ArtificialIntelligence, Machine learning and Deep-learning will be employed as decision - making tools to judge the behavioral aspects of customers. Block chain technology will enable revisiting of processes, procedures and internal controls, to create an effective and robust sustainable structure. Adoption of block chain will be gradual and steady, as waves of technological and institutional changes gain momentum.

Gradual transition to "Transaction based lending" based on "cashflows"of the borrower as against "Asset Based Lending" for the large borrowers will emerge with lesser reliance on "Cash Credit System" as a credit delivery mechanism.

Green and Sustainable Banking with an endeavor to allocate resources towards avenues that lead to Environment, Social, and Governance objectives, in line with international standards. The following are the strategies Bank will adopt to grow its business

• In order to attain the vision of making your Bank the ‘most preferred digital Bank, a five-year strategy plan was laid out during the year.

• The Bank will embark into a Technology, Digital and HR transformation besides Business Process Re-engineering (BPR).

• With a clear vision which strives for deeper and more profitablecustomer relationships and operational excellence to streamline the organization, your Bank is all set to move towards an ever-improving P&L and Balance Sheet

• The insurance partners have been extending their support by deploying man power at the Regions/branches for training the staff members to cross-sell as well as source business along with the staff members.

• A global management consulting firm has been engaged for Business process re-engineering in MSME sector.

• Exploring to have tie-up with fintech companies for increasing the non-interest income.

• Introducing the end-to-end loan digitization.

• Use of Data Mining, Artificial Intelligence (AI), Machine learning and other evolving technological tools will help in not only retaining the customers but also to widen the client base.

• On the credit front, a lot is expected to be done for improving the Credit Appraisal Standards, Monitoring Mechanism and Risk Management Strategies.

• The credit delivery system may undergo a change with transition towards Transaction based lending, based primarily on "Cash flows, as against "collateral based landing".

• Green and sustainable banking shall be an integral part of future banking scenario with an aim to allocate resources towards avenues that lead to environmental, social and governance objectives, in line with the emerging opportunities.

E. RISKS AND CONCERNS.

The Risk Management philosophy of your Bank is to accept risk as an essential aspect of business and take necessary steps to manage and mitigate the risk.
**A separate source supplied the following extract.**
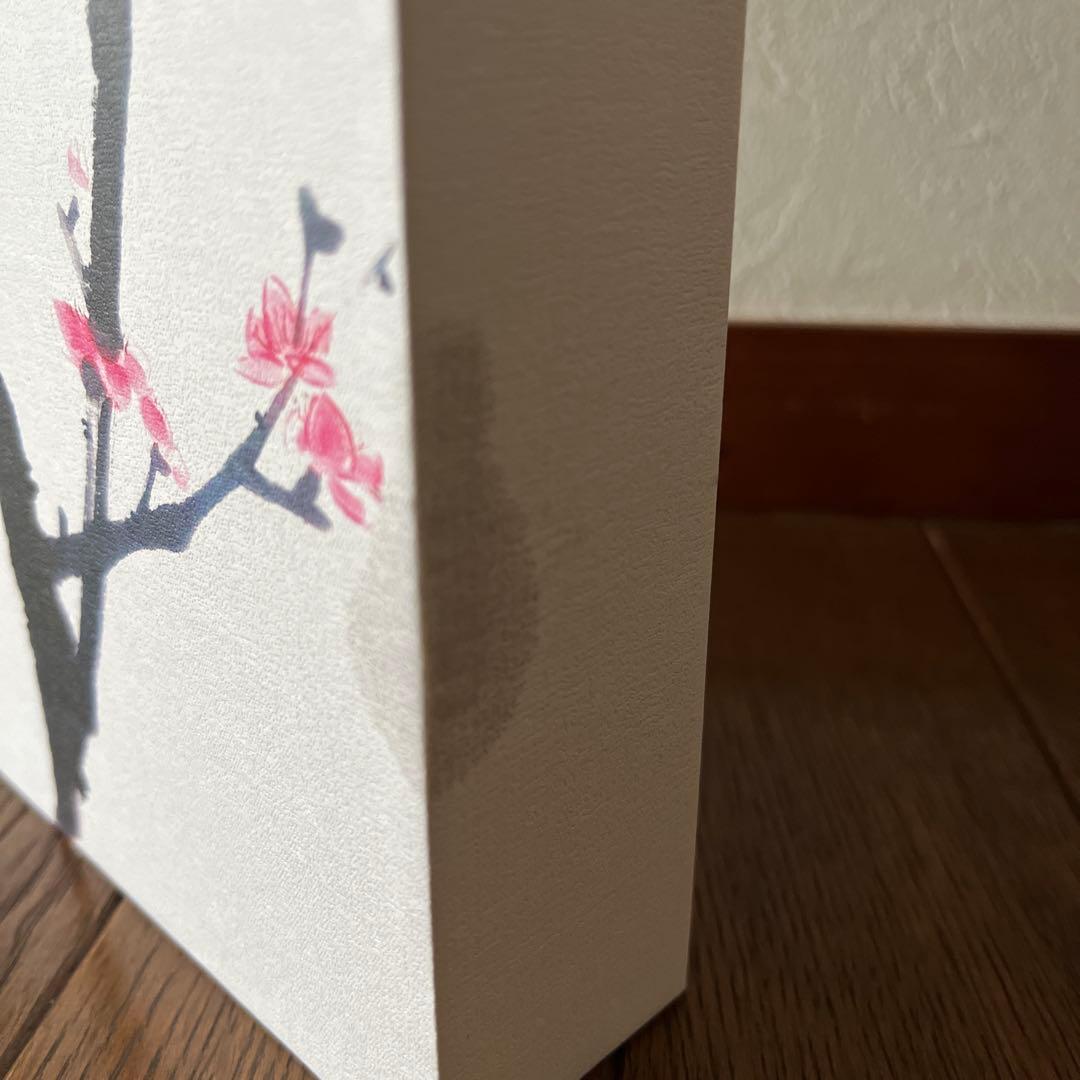 白酒 五粮液 酿神 58度 500ml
Your Bank seeks to build business which expands but always within the overview of the risk management principles. As with all banks in the banking system, your Bank is exposed to various risks that are inherent to any banking business. The major risks are credit risk, market risk including interest rate risk and liquidity risk, Operational risk, Reputational and strategic risks. Your Bank has put in place a very responsive risk management framework. The Bank has robust risk management policies, well laid out procedures, processes and methodologies to manage the risks envisaged.

The overall responsibility for establishing a strong risk management framework lies with the Board of Directors. The Risk Management Committee (RMC) of the Board oversees the implementation of various measures for efficient risk management with the support of the Executive Level

Committees.

Risk Management Department is headed by the Chief Risk Officer, who is responsible for the risk management functions of your Bank. An independent risk governance structure has been put in place, duly ensuring independence of risk measurement, monitoring and control functions. The bank has a well-articulated risk appetite statement and activities of the bank are structured to fall in line with the risk appetite, which is defined.
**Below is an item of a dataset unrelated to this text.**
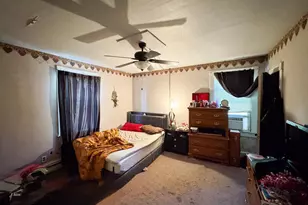 37 W 3rd St, Everett, PA 15537 - Photo 15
Your Bank has an internal rating mechanism, which forms the basis for risk linked pricing framework. The bank also has a scoring structure for the retail loans. The loan policy of the Bank ensures that the underwriting standards are maintained, on line and off line monitoring methods are devised to strengthen supervision of credit and whenever weaknesses are perceived, risk mitigation measures are implemented. The Bank has also EWS system, which is an automated environment for early detection of frauds.

The Bank has exposures in RAM segment i.e. Retail, Agriculture and MSME. The bank has been traditionally strong in these areas and proposes to build on the expertise it has gained over the years for further growth in these segments. Retail has a specific focus of home loans and the

Bank intends to increase the exposure in this portfolio. Your Bank is active in lending for two-wheelers and four wheelers and will continue to expand in this segment. The risk management structure for identifying, measuring, monitoring, controlling and mitigating the risks for these portfolios are well entrenched. With regard to industry exposure, in addition to good underwriting skills strengthened by established appraisal norms, there are also mechanism of capping various exposures on the basis of the borrower group, industry, credit rating grades and geography, amongst others. Further major sectors are also monitored by having caps in place. Concentration risk is tracked by putting proper limits.

Credit risk management is practiced in your Bank, through its various policies, risk assessing tools and risk mitigating measures, which forms the base for good credit growth coupled with asset quality.

Your Bank has put in place proper framework for market risk management. The Bank has a conservative approach to investment and mainly invests in Government securities. In case of investing in bonds of corporate entities, the Bank ensures that the external rating of the entities are investment grade only.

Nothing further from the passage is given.